§ Material provided:
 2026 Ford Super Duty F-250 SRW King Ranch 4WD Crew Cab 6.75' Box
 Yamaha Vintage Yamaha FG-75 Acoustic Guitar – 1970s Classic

==

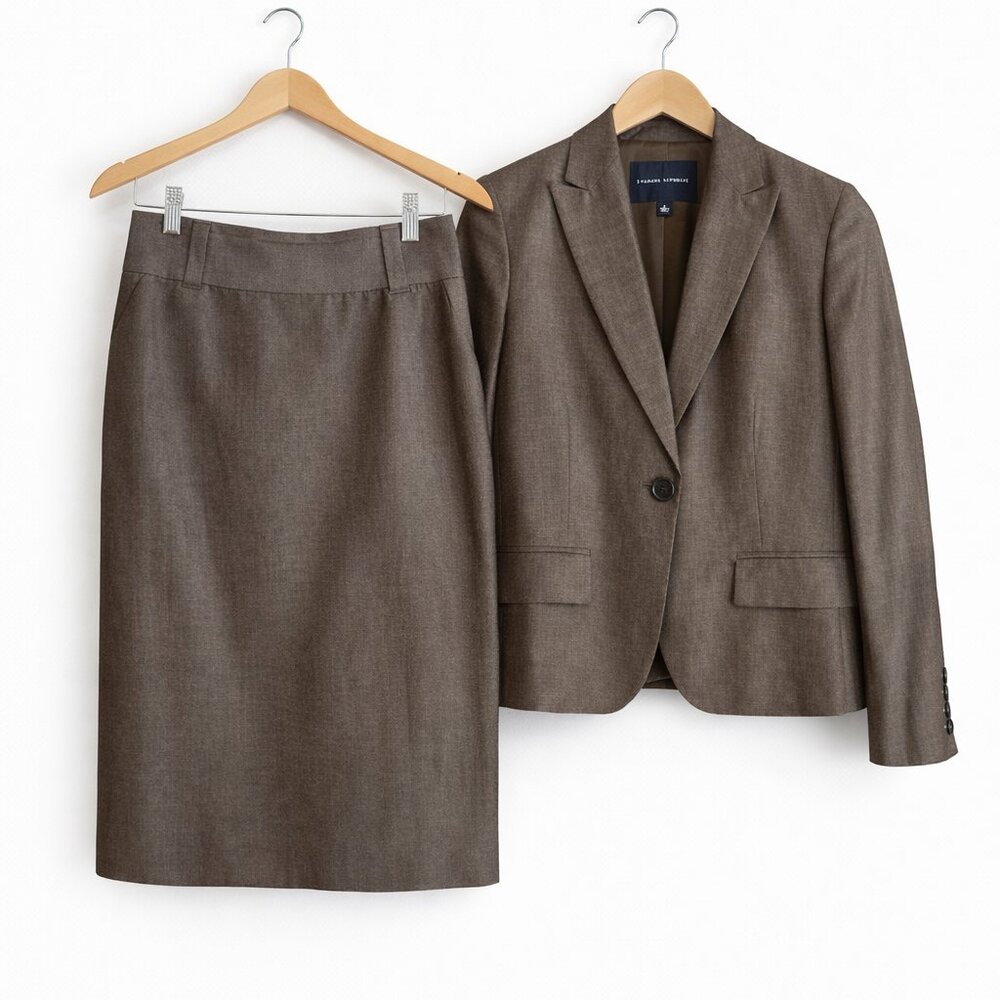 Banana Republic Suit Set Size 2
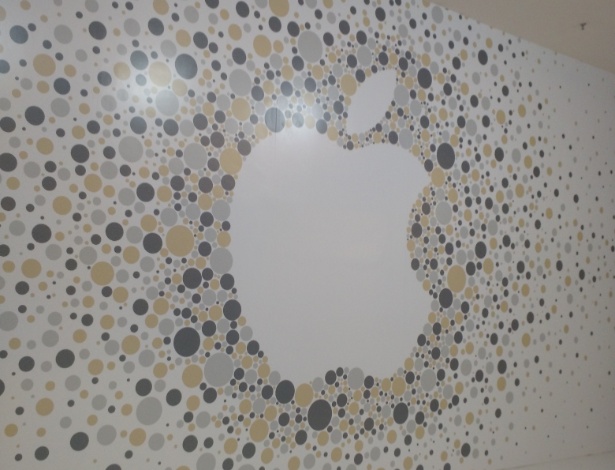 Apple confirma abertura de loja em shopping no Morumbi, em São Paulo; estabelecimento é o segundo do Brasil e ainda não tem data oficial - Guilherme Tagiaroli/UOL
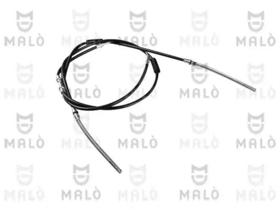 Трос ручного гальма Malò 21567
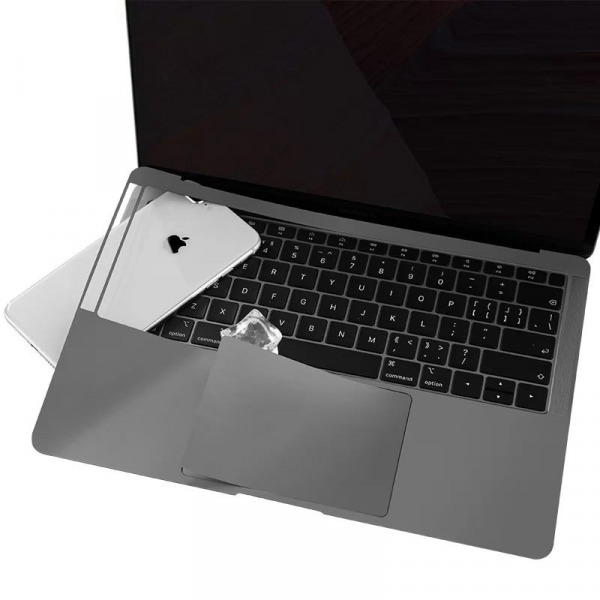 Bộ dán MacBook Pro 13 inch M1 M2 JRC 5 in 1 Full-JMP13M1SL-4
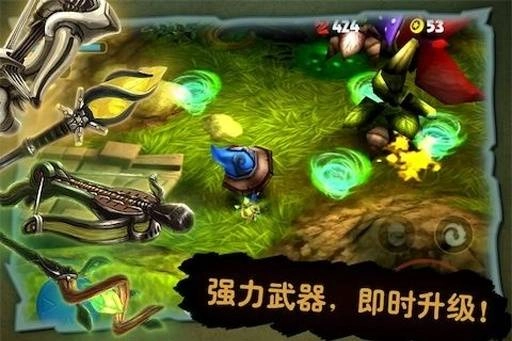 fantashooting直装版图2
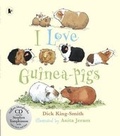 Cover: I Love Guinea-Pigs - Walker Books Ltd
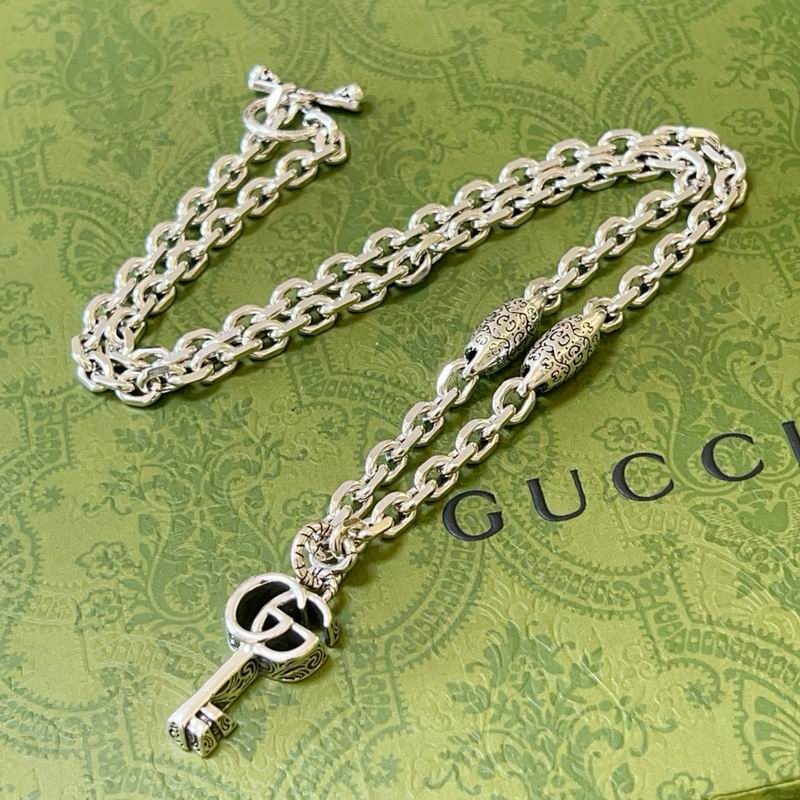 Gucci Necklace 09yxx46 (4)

§ Directions: From the records above, copy only the lines running from the line containing "Bộ dán MacBook" to the line containing "Gucci Necklace 09yxx46 (4)", both ends included. Leave the pictures out.

§ Task output:
 Bộ dán MacBook Pro 13 inch M1 M2 JRC 5 in 1 Full-JMP13M1SL-4
 fantashooting直装版图2
 Cover: I Love Guinea-Pigs - Walker Books Ltd
 Gucci Necklace 09yxx46 (4)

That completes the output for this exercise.